====== GIVEN RECORDS
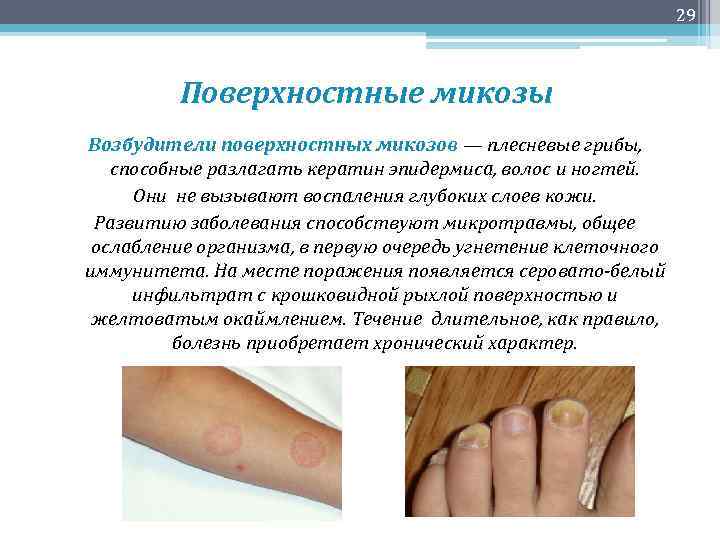 29 Поверхностные микозы Возбудители поверхностных микозов — плесневые грибы, способные разлагать кератин эпидермиса, волос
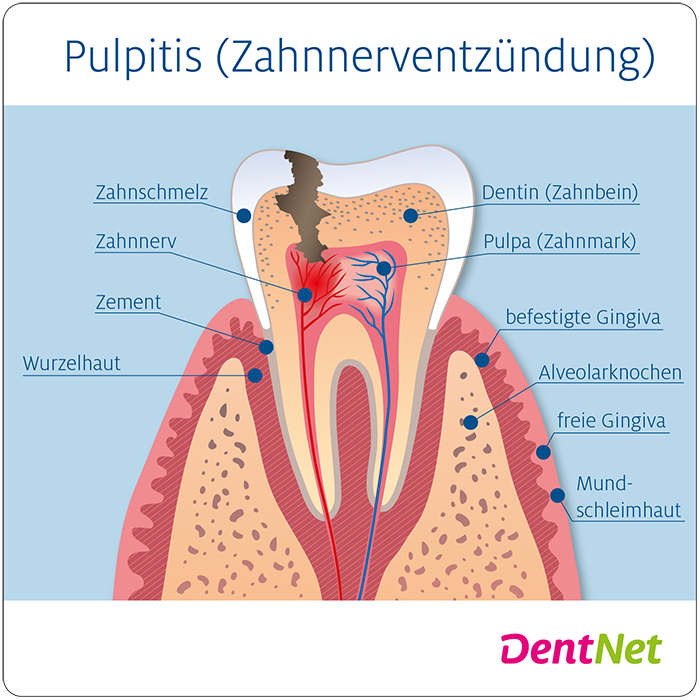 DentNet, Pulpitis, Zahnnerventzündung, Wurzelkanalbehandlung, Wurzelbehandlung Ratgeber
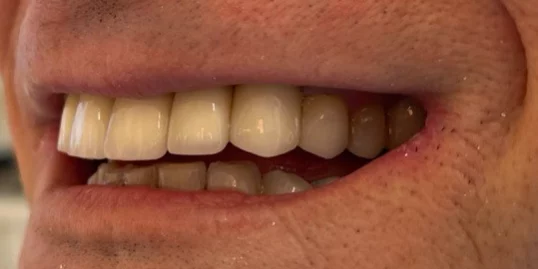 A close-up photograph of a person's smile displaying side-profile upper and lower teeth with natural-looking dental restorations.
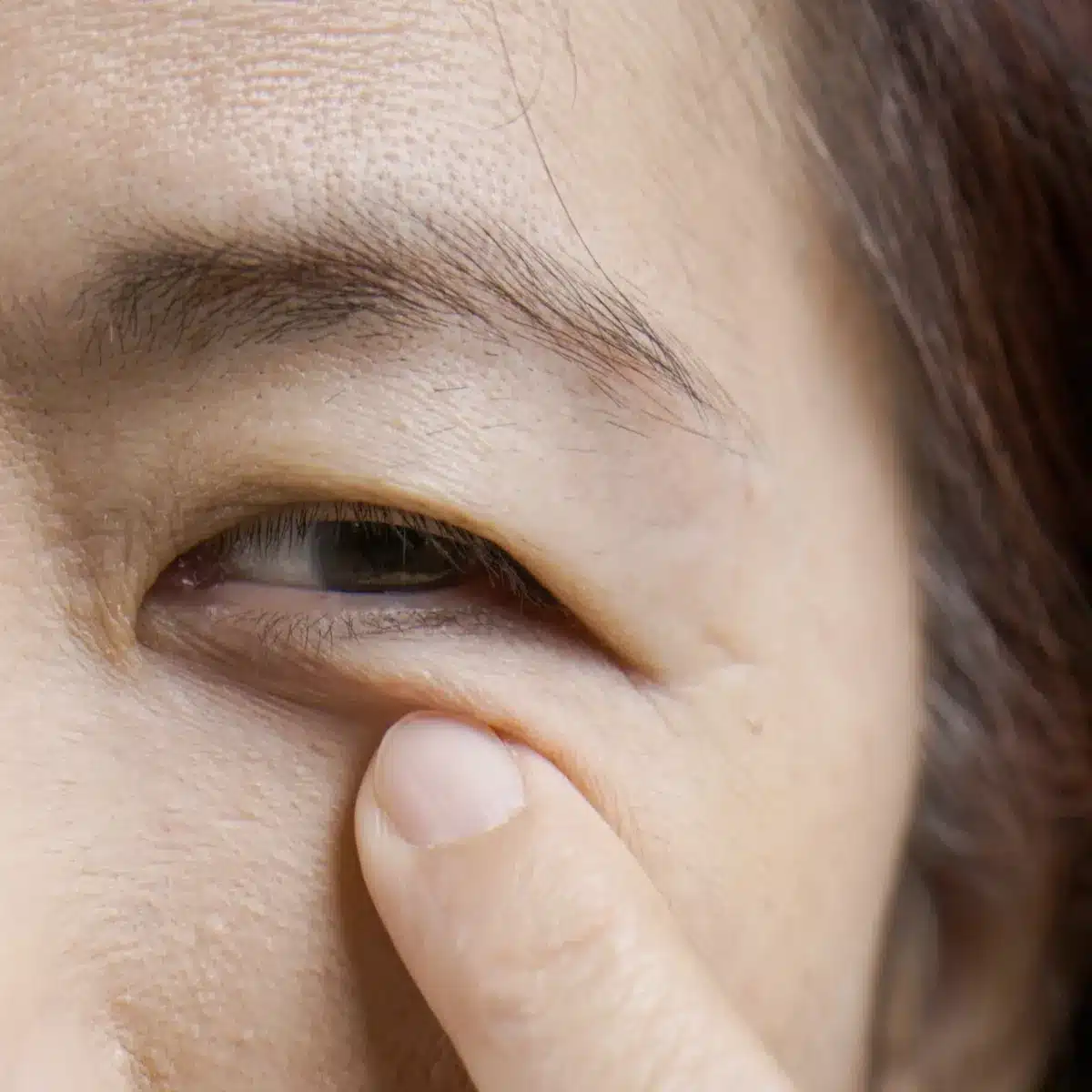 Droopy Eyelids & Brow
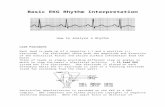  · Web viewBasic EKG Rhythm Interpretation How to Analyze a Rhythm Lead Placement Each lead is made up of a negative (-) and a positive (+) electrode. The electrodes sense both the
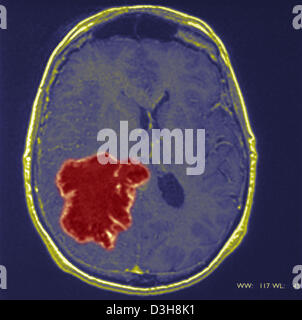 Cervello CARDIA, MRI Foto Stock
============
▶ **EXERCISE DIRECTIONS**
Can you quote exactly, and only, the lines from the one containing "Droopy Eyelids & Brow" through the last line of the records above, keeping both ends and leaving out any pictures?

▶ **RESPONSE TO THE EXERCISE**
 Droopy Eyelids & Brow
  · Web viewBasic EKG Rhythm Interpretation How to Analyze a Rhythm Lead Placement Each lead is made up of a negative (-) and a positive (+) electrode. The electrodes sense both the
 Cervello CARDIA, MRI Foto Stock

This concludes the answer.